→ TASK PROMPT: The records follow. Filter them to the lines that hold "female".

SUPPLIED INFORMATION Start Marker

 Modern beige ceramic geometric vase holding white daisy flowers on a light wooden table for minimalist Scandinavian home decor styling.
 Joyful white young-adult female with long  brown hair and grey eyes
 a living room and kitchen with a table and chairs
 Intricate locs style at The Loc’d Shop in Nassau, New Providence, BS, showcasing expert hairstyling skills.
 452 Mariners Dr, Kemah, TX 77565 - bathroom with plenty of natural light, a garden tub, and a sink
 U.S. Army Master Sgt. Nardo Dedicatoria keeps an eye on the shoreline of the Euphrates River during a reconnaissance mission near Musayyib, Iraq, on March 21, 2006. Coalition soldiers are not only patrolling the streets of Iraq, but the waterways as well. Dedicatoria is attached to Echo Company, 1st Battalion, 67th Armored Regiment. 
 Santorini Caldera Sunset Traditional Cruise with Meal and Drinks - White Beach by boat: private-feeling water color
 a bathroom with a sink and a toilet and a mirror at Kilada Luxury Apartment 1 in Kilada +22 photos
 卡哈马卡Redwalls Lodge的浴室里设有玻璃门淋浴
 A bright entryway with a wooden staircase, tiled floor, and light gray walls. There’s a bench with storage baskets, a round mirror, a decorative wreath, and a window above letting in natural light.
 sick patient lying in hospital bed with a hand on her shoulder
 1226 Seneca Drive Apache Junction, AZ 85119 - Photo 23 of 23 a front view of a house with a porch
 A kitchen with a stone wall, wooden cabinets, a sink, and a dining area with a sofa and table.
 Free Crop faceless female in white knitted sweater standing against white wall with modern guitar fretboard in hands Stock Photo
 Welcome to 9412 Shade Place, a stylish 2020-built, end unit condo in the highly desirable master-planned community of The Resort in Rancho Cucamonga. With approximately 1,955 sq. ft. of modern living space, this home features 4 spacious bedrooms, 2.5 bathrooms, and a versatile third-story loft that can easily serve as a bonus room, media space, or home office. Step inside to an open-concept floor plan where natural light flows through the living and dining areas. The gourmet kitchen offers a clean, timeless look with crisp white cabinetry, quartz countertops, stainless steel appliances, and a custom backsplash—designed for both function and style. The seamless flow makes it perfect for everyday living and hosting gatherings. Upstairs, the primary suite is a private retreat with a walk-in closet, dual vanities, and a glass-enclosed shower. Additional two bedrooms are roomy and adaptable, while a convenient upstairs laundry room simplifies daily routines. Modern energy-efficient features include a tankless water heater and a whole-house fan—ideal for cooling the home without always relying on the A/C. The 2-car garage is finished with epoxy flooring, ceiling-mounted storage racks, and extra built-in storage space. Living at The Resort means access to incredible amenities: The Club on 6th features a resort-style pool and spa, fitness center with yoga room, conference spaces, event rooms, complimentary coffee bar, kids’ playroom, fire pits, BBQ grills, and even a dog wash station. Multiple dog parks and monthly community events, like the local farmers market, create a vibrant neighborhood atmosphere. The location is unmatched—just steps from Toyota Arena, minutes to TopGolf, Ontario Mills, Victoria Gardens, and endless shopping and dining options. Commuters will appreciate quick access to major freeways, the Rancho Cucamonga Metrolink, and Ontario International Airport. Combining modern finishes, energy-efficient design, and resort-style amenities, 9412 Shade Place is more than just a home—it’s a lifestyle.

SUPPLIED INFORMATION End Marker

→ RESULT OF THE TASK:
 Joyful white young-adult female with long  brown hair and grey eyes
 Free Crop faceless female in white knitted sweater standing against white wall with modern guitar fretboard in hands Stock Photo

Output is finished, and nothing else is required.